> [Action item]: Having located "Kärleksört - Hylotelephium", write out its line and the remaining lines of the material exactly, the last one included, but not the pictures.
==*==
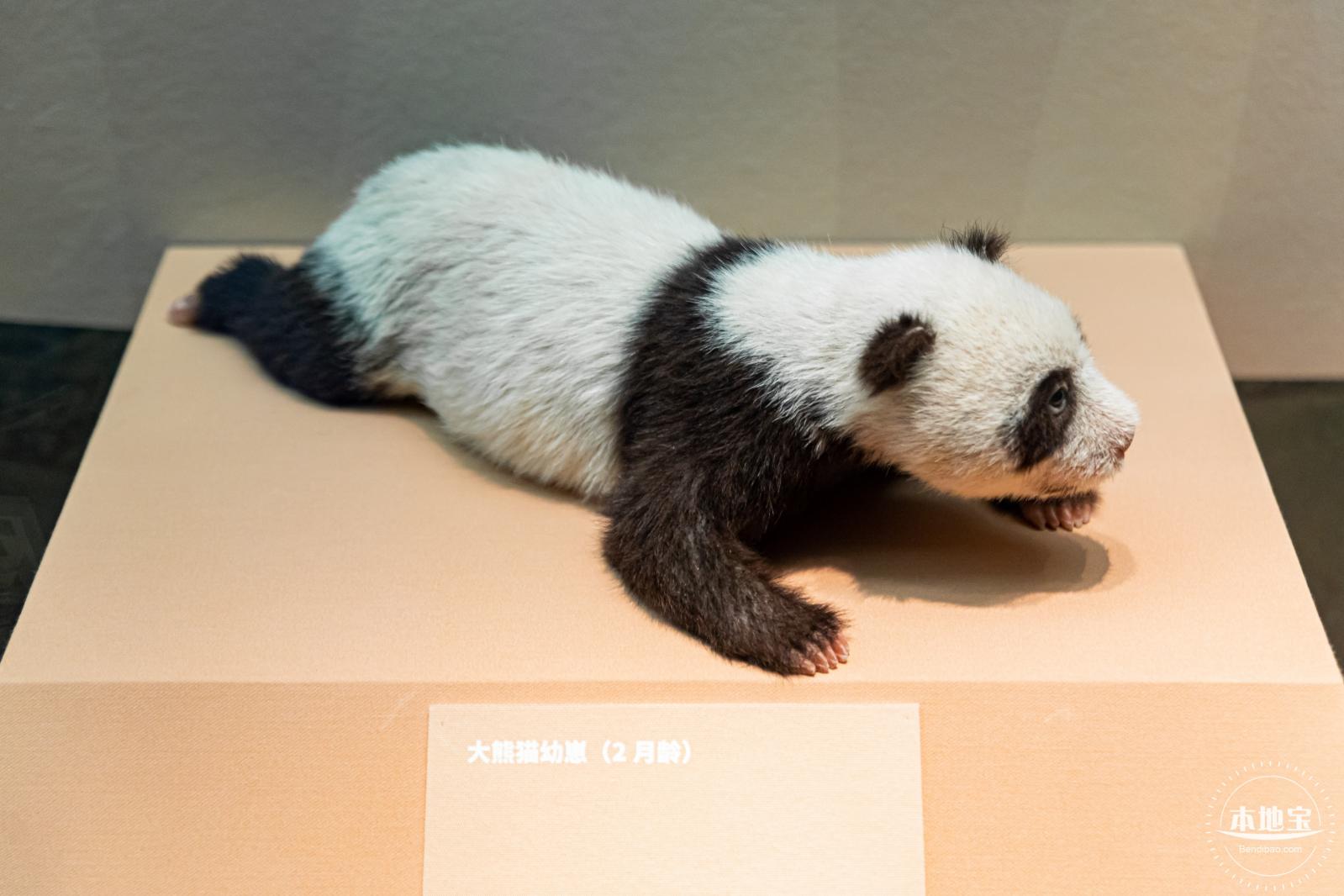 深圳新展【熊猫时代】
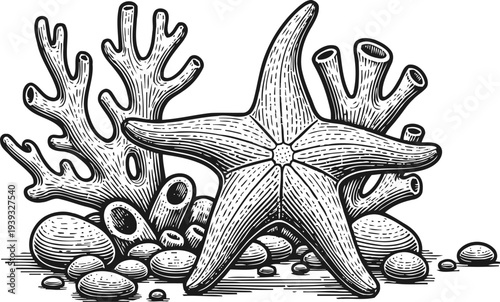 Starfish and coral arrangement with round stones in black and white vintage engraving marine illustration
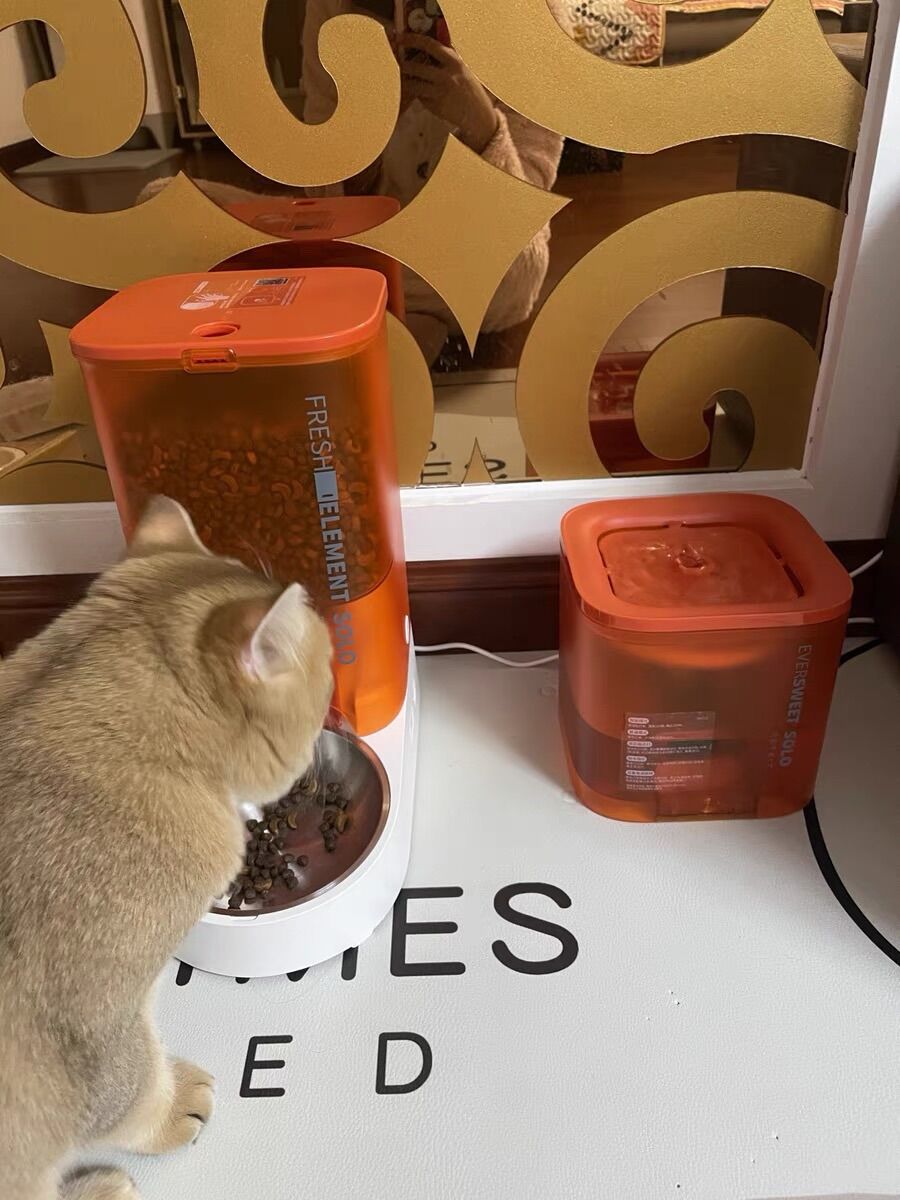 Máy lọc nước tự động Petkit Eversweet Solo [CHÍNH HÃNG] [CÓ SẴN]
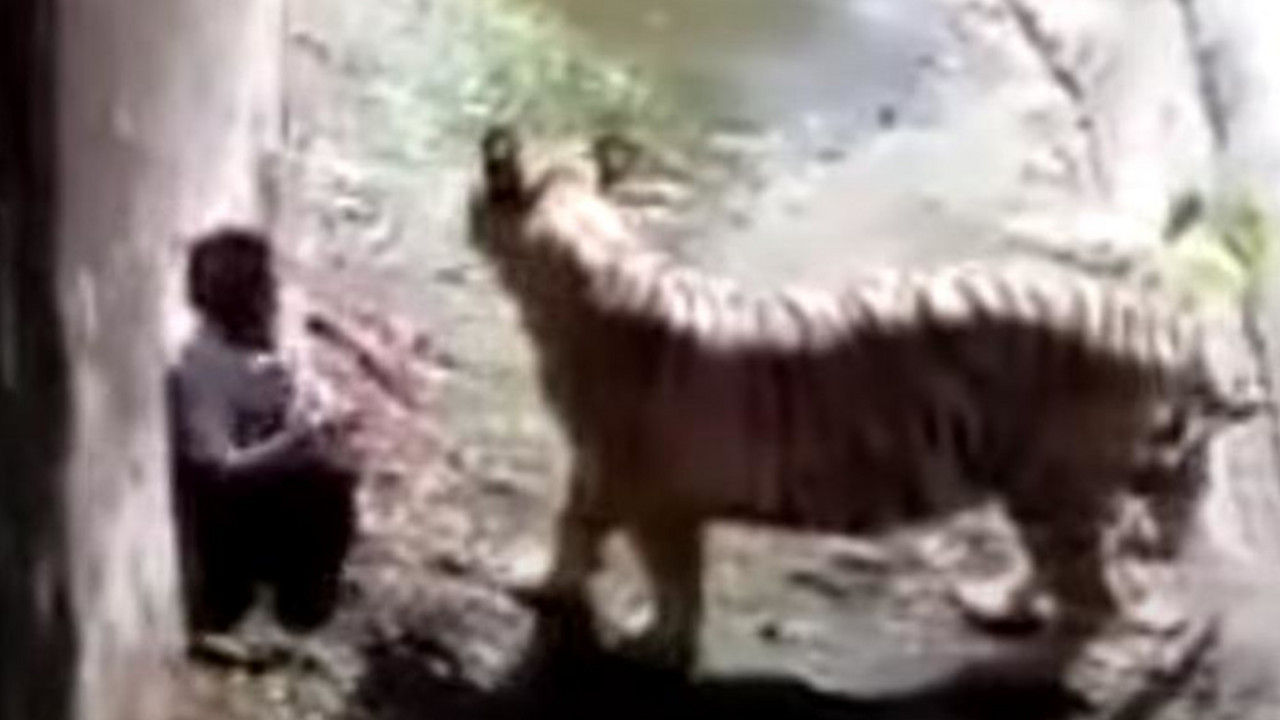 Tigar ubija čoveka u Zoo vrtu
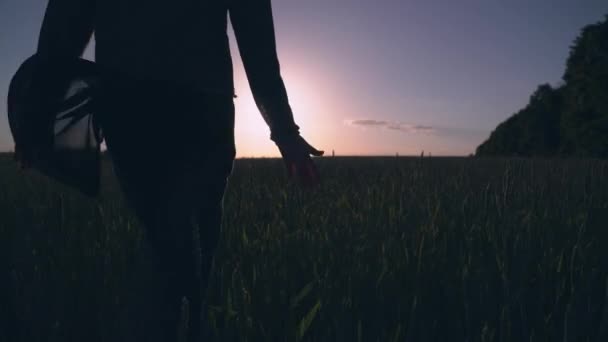 Mulheres caminhando pelo prado ao pôr do sol — Vídeo de Stock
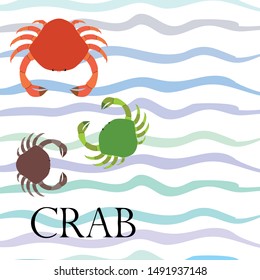 Crabs. Seafood. Vector illustration of a sea animal.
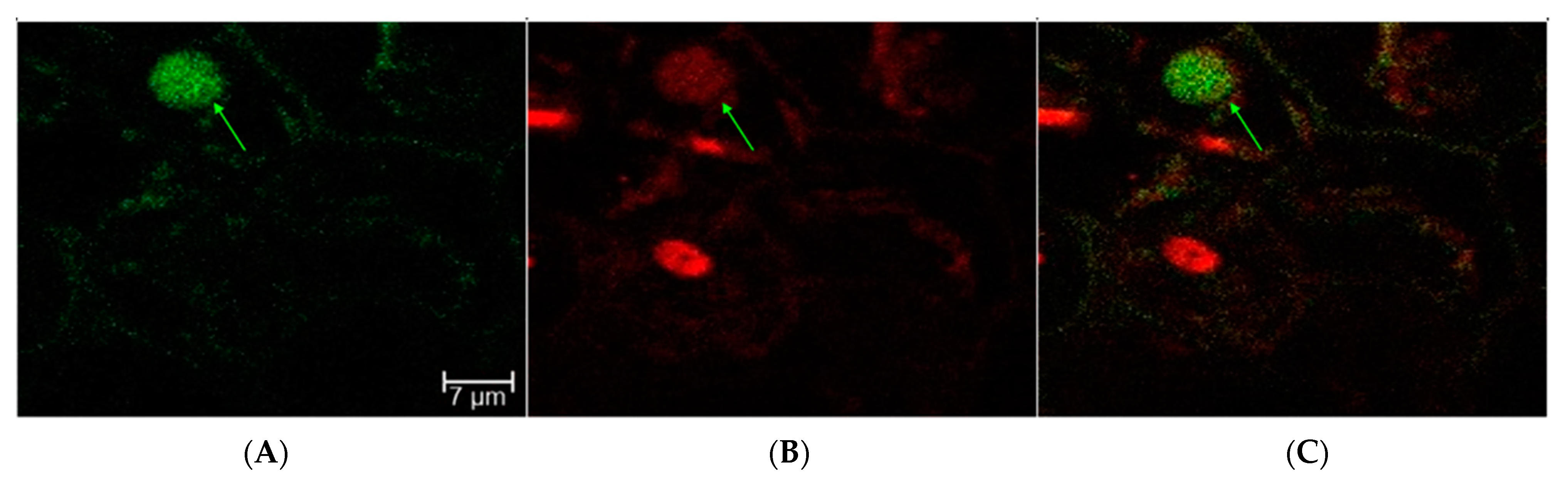 Ijms 23 04081 g005 550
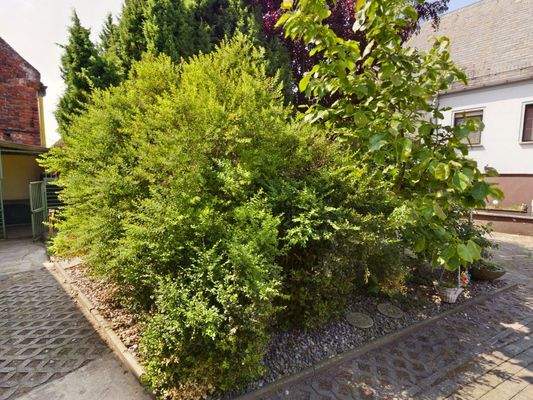 besserimmo EFH Breddin Freiluftareal 1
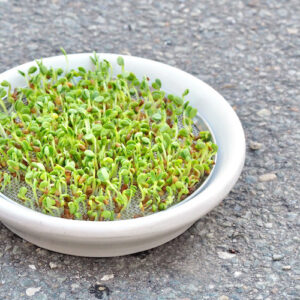 Ceramic sprout tray for cress gel seeds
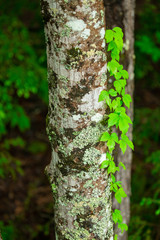 Tree with leaves in the forest. Tree trunk. Nature background. Wild forest. 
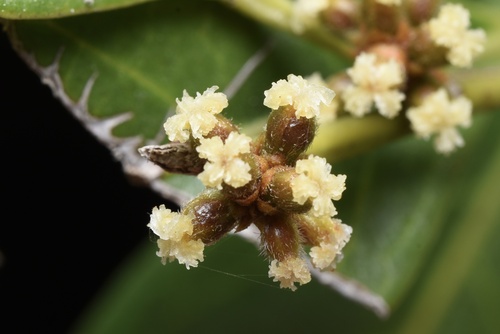 Aporosa octandra — photo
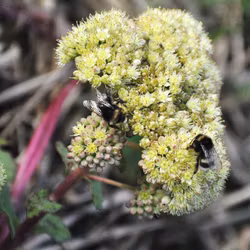 Kärleksört - Hylotelephium telephium subsp maximum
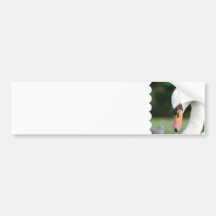Swan Beak Bumper Sticker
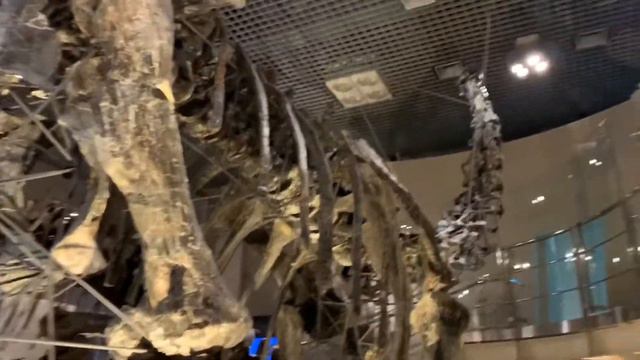 Токио. День 8. Последний день. Музей и покупки. смотреть онлайн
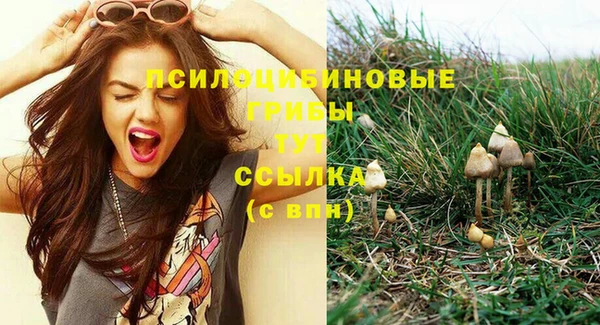 сатива Новокубанск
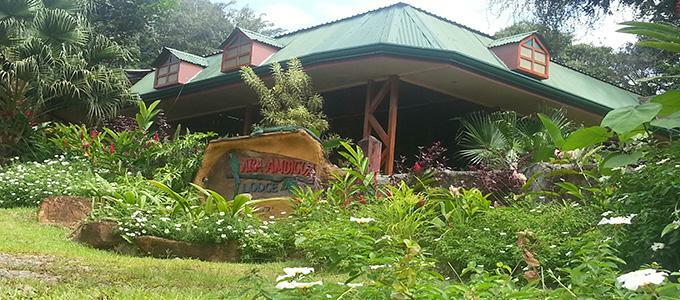 Hotel Ara Ambigua Lodge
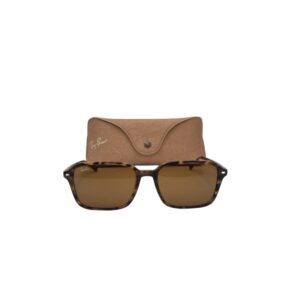 GAFAS DE SOL RAYBAN RAIMOND RB 2231 + FUNDA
==*==
> [Answer space]:
 Kärleksört - Hylotelephium telephium subsp maximum
Swan Beak Bumper Sticker
 Токио. День 8. Последний день. Музей и покупки. смотреть онлайн
 сатива Новокубанск
 Hotel Ara Ambigua Lodge
 GAFAS DE SOL RAYBAN RAIMOND RB 2231 + FUNDA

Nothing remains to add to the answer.